In other words, there was a better chance of Lloyd ending up with Mary than there is Prince or Rivers playing a game in a Celtics uniform.
As for the future of his Celtics, Ainge doesn't see any other way to rebuild than through the draft. That doesn't necessarily mean using all of those selections, and will likely end up with a flurry of trades (this time hopefully adding stars, not subtracting), much like he did when he added Ray Allen and Kevin Garnett ahead of the 2008 season. Ainge sent the No. 5 overall pick (which fittingly turned into Jeff Green), Delonte West (a first-rounder in 2004) and Wally Szczerbiak for Allen and Glen "Big Baby" Davis on draft night, a move that allowed him to convince Garnett to join the fun. To pull that off, Ainge had to send Al Jefferson (also a 2005 first-rounder, 15th overall), Gerald Green (first-rounder, 18th overall in 2005), Ryan Gomes (second-round pick in 2005), veterans Theo Ratliff and Sebastian Telfair, and a pair of 2009 first round picks to Minnesota for his "Big Ticket" to a title.

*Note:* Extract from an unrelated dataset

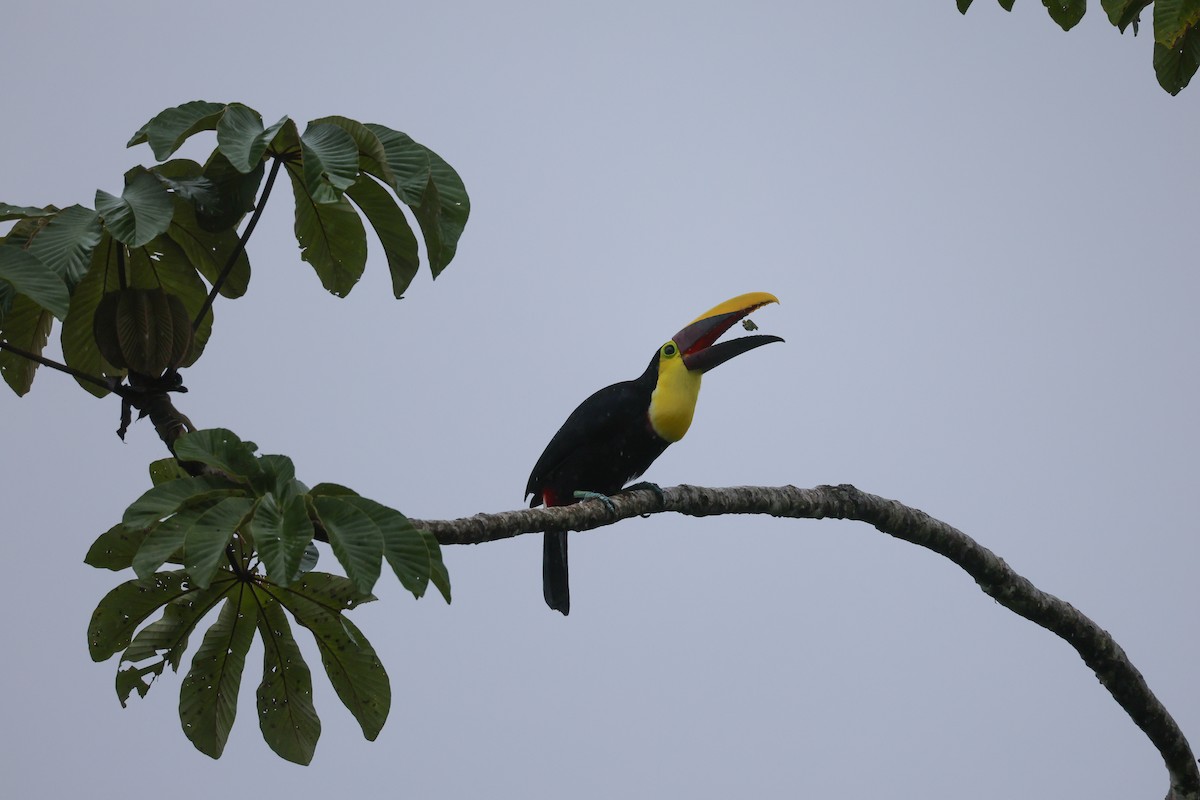 Yellow-throated Toucan - ML626152203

"I think you have to build through the draft. Like last time we built [the 2008 title team] through the draft; we developed players and we were able to trade to get some veteran guys in that were more ready to win, that were more compatible with Paul [Pierce] at the time," explained Ainge. "We did it through the draft, that's how I look at it. Right now we'll do the same thing. We'll draft players, we'll develop players, and we'll look for opportunities to take steps forward."
This time around, the Celtics don't have a franchise player in Pierce to build around. Ainge said "time will tell" how much more difficult that makes the rebuild.

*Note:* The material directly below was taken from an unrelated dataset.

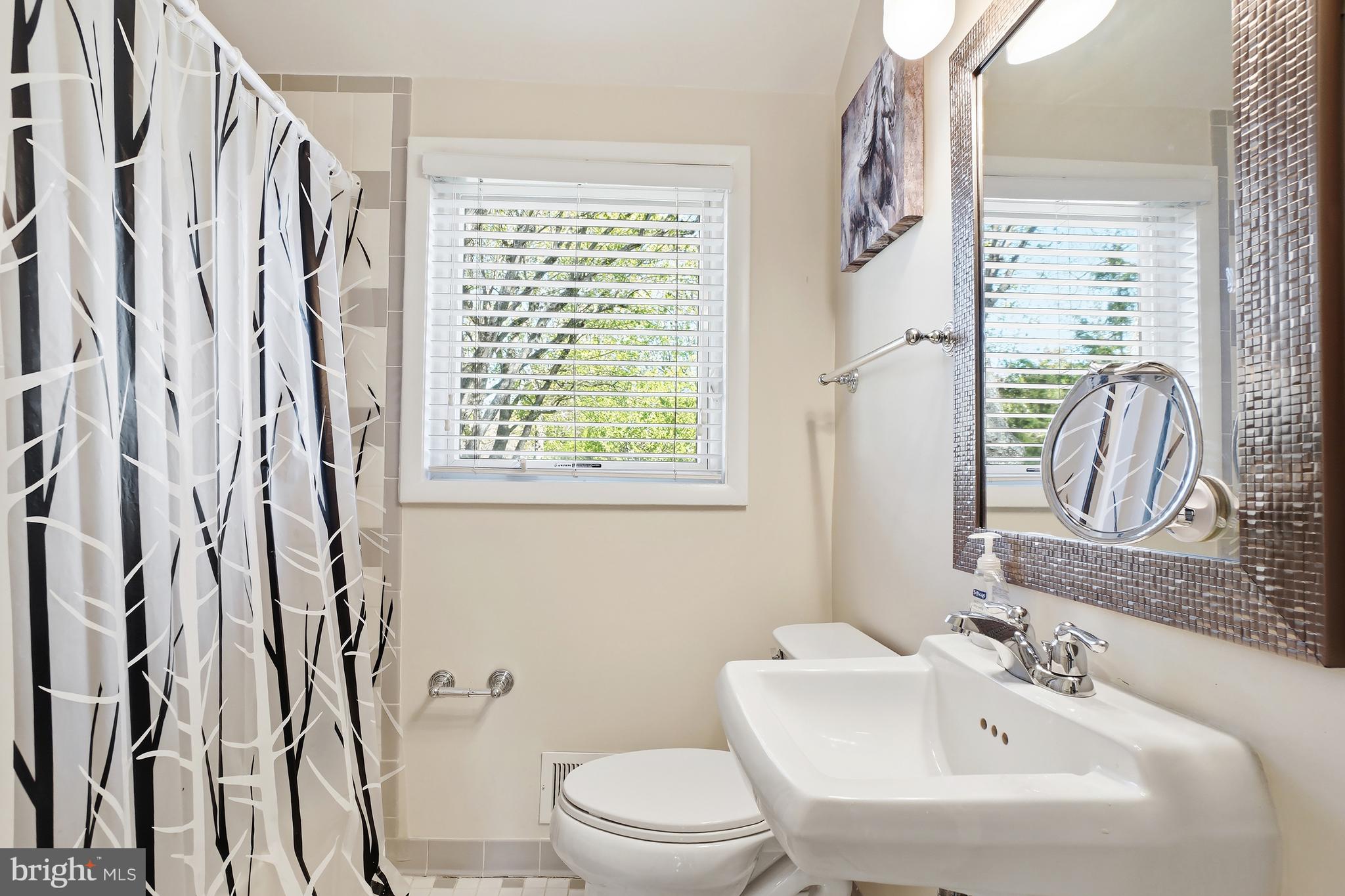 1303 Ballard Street Silver Spring, MD 20910 - Photo 41 of 53 a bathroom with a sink a toilet and a mirror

While it will take some time to develop those young players like Marcus Smart and James Young (first-round picks in last year's draft) as well as Kelly Olynyk and Jared Sullinger (first-rounders in 2013 and 2012, respectively) into potentially intriguing assets (or future franchise players), there are others on the roster who will likely be on the move. Brandon Bass and Marcus Thornton are both veteran players with expiring contracts who can bring something to a contender, and will likely be moved to add to Ainge's ever-growing collection of second round picks.
He may have made three deals in the last month, but Ainge is far from done ahead of the February 19 trade deadline.
"You never know," he said. "I'm not done talking."
When it comes to making trades, Ainge is never done talking.